Input data:
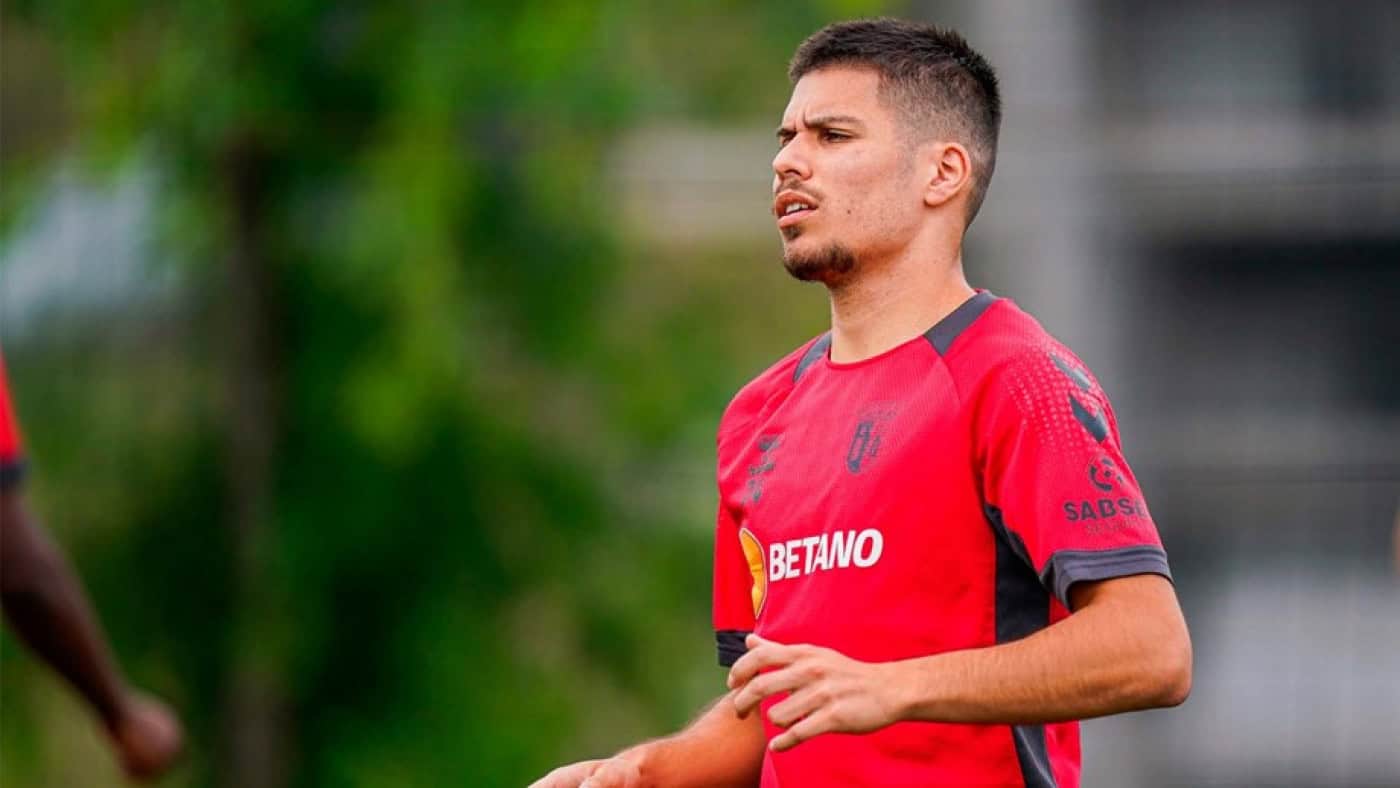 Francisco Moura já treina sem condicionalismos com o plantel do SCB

---

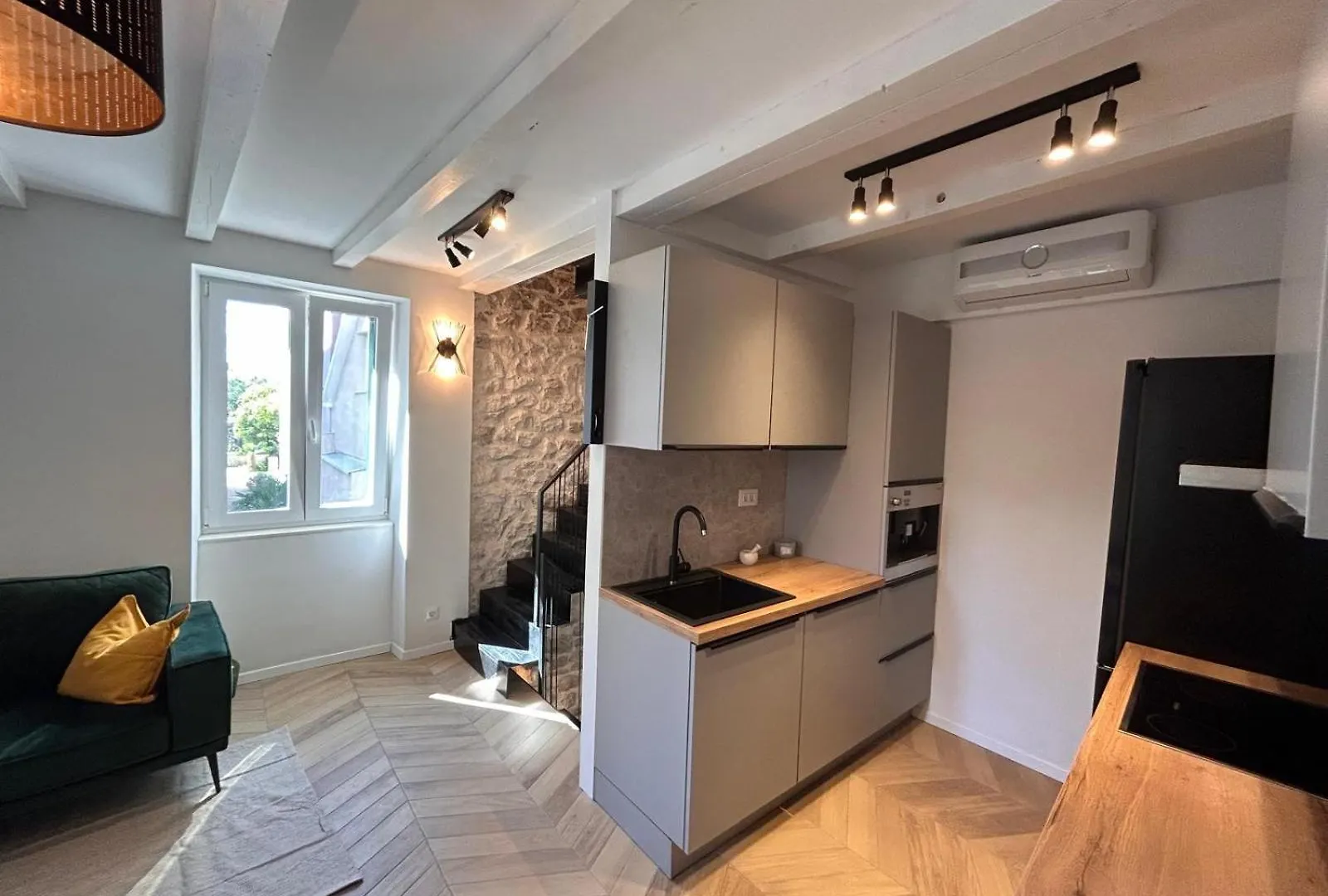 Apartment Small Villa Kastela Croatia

---

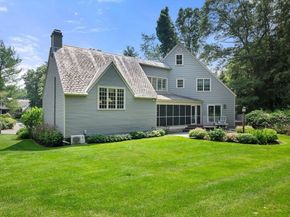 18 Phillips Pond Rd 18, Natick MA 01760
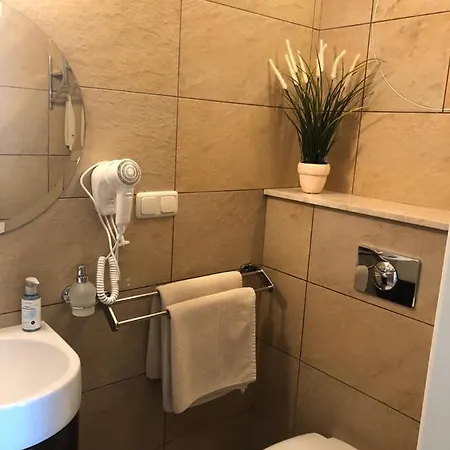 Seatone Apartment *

Task description:
Look above for the line with "18 Phillips Pond Rd 18, Natick MA 01760" and the line with "Seatone Apartment *". Copy them and every line between, exactly, but no pictures.

Reply:
 18 Phillips Pond Rd 18, Natick MA 01760
 Seatone Apartment *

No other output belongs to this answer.